Exercise data:
:::

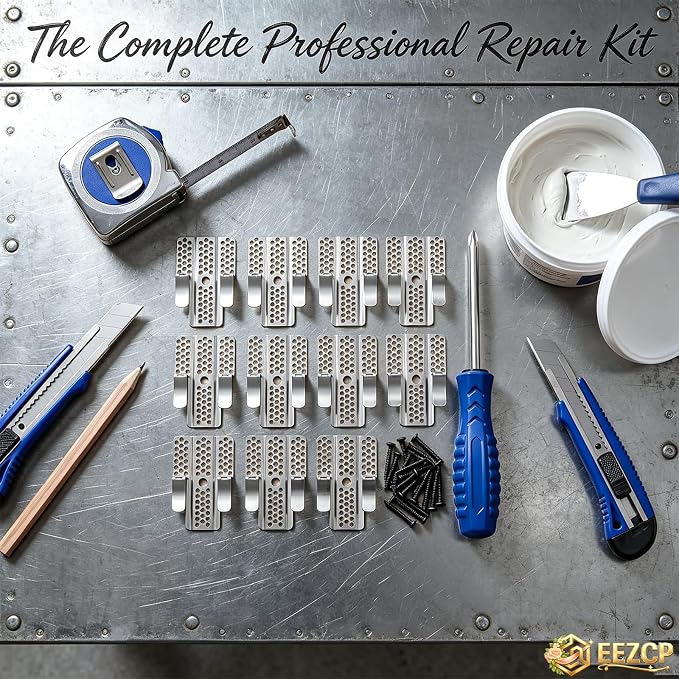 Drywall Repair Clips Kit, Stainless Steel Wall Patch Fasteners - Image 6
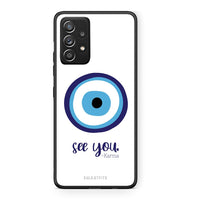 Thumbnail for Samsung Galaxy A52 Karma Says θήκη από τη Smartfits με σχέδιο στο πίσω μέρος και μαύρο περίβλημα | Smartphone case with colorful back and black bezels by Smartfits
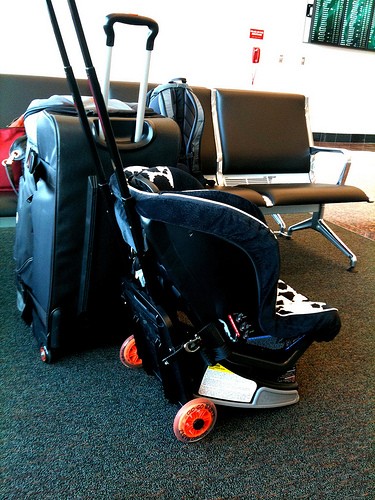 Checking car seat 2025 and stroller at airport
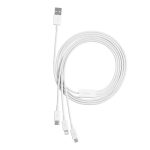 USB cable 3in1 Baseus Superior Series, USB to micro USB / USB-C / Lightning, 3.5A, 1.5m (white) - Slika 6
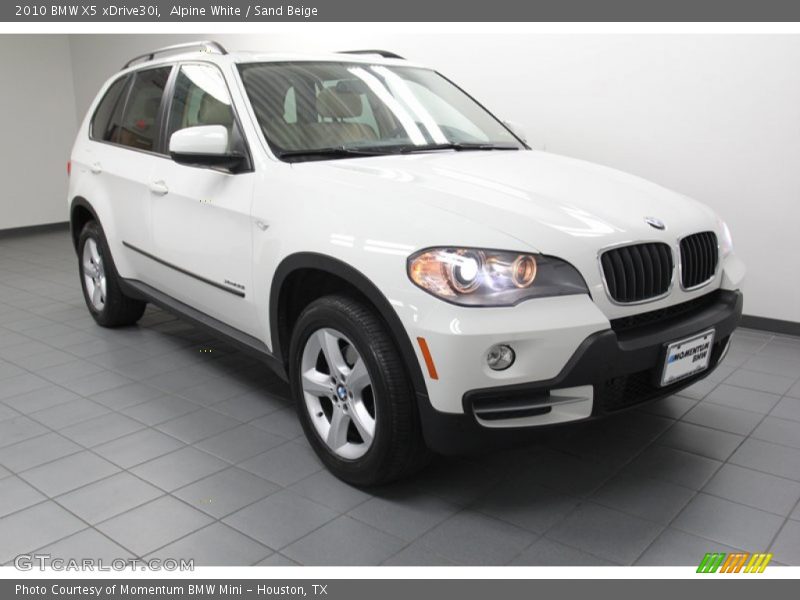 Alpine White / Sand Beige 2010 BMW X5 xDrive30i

:::

Instructions to follow:
When you reach the line containing "Checking car seat" in the entries above, please retype it and each line after it through the last one, exactly, without the pictures.

Written answer:
 Checking car seat 2025 and stroller at airport
 USB cable 3in1 Baseus Superior Series, USB to micro USB / USB-C / Lightning, 3.5A, 1.5m (white) - Slika 6
 Alpine White / Sand Beige 2010 BMW X5 xDrive30i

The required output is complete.